BEGIN Entries supplied

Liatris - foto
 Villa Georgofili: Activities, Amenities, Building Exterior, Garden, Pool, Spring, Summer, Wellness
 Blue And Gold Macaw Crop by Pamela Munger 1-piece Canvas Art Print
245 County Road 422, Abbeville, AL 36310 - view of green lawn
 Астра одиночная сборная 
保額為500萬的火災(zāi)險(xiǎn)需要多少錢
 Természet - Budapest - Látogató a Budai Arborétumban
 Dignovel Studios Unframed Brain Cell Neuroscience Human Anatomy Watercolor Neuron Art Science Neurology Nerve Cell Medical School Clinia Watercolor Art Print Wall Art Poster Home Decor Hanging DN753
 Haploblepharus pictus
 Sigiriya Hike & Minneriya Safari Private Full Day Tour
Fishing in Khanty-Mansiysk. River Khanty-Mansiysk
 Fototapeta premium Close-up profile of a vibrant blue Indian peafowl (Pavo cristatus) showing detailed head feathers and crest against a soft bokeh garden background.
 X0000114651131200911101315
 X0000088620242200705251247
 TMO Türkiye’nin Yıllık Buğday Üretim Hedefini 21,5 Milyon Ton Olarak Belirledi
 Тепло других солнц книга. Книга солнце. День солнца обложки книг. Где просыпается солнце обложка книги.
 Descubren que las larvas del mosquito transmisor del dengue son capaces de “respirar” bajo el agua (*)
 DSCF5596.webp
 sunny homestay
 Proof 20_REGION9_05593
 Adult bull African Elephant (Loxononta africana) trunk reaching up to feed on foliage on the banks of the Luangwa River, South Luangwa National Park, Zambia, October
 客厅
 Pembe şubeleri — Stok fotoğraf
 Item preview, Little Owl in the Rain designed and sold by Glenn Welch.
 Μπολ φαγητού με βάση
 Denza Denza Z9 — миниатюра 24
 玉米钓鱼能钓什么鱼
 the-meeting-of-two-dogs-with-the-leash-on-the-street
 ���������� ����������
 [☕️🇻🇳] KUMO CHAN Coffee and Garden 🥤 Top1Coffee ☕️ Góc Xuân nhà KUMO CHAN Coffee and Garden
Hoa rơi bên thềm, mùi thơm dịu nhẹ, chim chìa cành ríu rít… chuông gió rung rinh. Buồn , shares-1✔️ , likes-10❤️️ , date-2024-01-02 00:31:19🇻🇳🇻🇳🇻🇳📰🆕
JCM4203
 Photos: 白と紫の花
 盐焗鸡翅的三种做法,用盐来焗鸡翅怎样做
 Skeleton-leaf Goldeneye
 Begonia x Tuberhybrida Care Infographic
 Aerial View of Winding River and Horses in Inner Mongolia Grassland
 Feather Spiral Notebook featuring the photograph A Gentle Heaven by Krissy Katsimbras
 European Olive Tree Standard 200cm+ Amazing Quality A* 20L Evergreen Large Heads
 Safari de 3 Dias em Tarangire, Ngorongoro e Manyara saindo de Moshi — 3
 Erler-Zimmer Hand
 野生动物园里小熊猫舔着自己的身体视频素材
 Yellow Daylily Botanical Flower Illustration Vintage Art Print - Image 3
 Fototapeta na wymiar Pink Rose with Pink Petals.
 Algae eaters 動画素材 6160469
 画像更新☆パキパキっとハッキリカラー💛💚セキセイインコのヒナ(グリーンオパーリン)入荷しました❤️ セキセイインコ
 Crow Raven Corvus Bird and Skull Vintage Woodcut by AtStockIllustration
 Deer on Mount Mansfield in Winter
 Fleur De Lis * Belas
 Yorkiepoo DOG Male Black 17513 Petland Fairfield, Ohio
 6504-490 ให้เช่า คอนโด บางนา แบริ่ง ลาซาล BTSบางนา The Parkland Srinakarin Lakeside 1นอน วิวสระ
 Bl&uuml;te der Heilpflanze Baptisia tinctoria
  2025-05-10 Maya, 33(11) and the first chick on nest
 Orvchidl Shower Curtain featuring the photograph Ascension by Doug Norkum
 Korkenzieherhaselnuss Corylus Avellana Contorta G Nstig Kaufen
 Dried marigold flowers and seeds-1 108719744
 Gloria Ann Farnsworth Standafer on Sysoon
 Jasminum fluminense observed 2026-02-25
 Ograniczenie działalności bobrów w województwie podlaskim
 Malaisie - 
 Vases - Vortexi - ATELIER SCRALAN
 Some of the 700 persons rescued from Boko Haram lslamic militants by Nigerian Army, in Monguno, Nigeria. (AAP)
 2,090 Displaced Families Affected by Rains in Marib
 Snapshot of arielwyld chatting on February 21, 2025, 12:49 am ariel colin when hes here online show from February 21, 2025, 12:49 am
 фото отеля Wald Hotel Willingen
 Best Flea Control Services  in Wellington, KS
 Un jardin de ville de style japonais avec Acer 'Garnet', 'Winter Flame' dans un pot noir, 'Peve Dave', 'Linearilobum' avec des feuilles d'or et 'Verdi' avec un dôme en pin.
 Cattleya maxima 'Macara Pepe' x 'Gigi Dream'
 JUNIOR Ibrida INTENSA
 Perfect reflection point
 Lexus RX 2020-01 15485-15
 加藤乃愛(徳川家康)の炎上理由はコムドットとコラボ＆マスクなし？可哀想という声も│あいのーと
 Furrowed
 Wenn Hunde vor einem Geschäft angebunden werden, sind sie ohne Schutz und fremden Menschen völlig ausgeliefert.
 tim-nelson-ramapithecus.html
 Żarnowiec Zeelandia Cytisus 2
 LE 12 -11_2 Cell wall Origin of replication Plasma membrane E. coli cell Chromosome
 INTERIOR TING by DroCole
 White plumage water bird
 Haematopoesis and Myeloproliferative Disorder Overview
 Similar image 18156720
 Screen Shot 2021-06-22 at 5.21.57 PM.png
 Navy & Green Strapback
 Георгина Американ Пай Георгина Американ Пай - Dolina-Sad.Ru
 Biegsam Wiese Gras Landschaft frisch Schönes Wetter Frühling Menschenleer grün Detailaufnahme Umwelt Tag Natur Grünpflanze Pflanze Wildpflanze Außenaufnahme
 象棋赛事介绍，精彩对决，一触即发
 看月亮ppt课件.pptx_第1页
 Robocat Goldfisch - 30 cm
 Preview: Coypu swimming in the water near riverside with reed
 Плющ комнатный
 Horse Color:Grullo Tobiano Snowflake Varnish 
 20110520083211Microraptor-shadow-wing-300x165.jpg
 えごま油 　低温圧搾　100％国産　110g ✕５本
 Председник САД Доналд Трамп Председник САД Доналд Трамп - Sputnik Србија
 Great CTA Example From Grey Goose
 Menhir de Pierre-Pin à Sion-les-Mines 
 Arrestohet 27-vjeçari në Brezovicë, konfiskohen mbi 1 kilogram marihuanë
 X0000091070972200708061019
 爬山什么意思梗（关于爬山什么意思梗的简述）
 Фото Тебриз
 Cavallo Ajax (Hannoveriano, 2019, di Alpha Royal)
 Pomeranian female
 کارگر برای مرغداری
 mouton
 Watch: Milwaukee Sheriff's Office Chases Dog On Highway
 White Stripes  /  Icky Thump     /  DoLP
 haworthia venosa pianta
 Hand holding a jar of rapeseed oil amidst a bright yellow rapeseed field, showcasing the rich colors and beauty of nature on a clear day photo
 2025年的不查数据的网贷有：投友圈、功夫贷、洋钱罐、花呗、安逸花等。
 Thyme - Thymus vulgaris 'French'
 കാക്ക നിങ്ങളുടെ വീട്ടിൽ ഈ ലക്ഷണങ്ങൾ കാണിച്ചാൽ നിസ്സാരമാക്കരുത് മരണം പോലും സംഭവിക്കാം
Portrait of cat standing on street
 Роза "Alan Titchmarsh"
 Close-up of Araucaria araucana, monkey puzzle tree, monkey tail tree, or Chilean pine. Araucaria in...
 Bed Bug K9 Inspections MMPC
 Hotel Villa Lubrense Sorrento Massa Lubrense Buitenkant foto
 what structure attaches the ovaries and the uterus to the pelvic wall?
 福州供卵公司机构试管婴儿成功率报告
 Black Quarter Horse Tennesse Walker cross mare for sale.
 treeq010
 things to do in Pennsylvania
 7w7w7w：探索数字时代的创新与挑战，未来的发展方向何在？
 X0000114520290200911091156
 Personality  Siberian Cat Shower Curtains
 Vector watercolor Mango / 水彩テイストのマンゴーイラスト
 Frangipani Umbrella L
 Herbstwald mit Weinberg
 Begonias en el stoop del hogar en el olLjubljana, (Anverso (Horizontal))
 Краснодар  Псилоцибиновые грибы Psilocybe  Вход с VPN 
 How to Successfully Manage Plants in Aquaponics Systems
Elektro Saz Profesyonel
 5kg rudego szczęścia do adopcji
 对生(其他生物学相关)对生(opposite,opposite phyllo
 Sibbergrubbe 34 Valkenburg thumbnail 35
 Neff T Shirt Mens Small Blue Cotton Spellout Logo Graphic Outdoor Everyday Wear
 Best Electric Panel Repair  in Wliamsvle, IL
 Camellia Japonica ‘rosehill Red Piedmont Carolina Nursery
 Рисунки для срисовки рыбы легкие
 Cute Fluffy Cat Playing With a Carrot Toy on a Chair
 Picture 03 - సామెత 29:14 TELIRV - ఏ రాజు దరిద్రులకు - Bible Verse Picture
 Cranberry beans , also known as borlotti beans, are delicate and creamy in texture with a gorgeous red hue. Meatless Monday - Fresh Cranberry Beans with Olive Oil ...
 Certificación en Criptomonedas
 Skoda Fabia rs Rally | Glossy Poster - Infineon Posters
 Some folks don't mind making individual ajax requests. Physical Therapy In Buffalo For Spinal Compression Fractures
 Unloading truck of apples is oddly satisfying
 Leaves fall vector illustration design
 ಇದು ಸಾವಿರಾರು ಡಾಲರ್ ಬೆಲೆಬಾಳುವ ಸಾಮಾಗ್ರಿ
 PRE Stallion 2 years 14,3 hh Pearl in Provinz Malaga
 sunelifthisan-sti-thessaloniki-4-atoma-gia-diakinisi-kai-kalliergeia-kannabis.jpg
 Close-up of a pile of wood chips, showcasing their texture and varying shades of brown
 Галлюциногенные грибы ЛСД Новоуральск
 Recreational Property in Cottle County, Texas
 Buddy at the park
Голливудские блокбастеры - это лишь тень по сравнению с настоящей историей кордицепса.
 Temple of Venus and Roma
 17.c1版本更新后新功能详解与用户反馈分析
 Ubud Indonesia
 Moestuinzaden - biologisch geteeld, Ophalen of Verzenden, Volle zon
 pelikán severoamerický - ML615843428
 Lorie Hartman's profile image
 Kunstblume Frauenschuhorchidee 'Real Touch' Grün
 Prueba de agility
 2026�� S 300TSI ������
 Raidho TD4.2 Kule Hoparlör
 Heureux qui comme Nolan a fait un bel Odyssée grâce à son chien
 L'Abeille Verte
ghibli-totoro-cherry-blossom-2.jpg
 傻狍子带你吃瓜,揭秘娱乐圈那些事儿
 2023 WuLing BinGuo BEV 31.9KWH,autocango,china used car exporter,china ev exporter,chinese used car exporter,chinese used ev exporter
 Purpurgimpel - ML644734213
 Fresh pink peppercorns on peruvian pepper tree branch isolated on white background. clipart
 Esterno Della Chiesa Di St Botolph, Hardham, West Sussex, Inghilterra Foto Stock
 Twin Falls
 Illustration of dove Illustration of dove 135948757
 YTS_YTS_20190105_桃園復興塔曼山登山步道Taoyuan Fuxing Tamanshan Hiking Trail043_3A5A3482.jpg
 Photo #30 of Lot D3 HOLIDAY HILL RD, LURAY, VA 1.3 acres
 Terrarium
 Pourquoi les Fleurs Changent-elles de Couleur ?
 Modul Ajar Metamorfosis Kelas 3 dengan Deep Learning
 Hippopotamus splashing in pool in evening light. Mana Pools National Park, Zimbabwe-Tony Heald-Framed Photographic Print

END Entries supplied

= Task details =
Find where the line with "Ograniczenie działalności bobrów" sits in the material above, then copy exactly from it through the line with "Some of the". Add no other line.

= Task response =
 Ograniczenie działalności bobrów w województwie podlaskim
 Malaisie - 
 Vases - Vortexi - ATELIER SCRALAN
 Some of the 700 persons rescued from Boko Haram lslamic militants by Nigerian Army, in Monguno, Nigeria. (AAP)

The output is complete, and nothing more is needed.